• **How to complete this task**: Establish how many lines in the material below include the word "Black", then give the count alone.

• **Supplied records**:
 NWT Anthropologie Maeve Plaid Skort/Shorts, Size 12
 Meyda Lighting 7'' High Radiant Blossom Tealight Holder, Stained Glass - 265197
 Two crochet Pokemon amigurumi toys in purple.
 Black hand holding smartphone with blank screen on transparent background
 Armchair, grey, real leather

==

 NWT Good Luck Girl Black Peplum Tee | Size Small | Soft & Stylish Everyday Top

• **Result of the exercise**: 2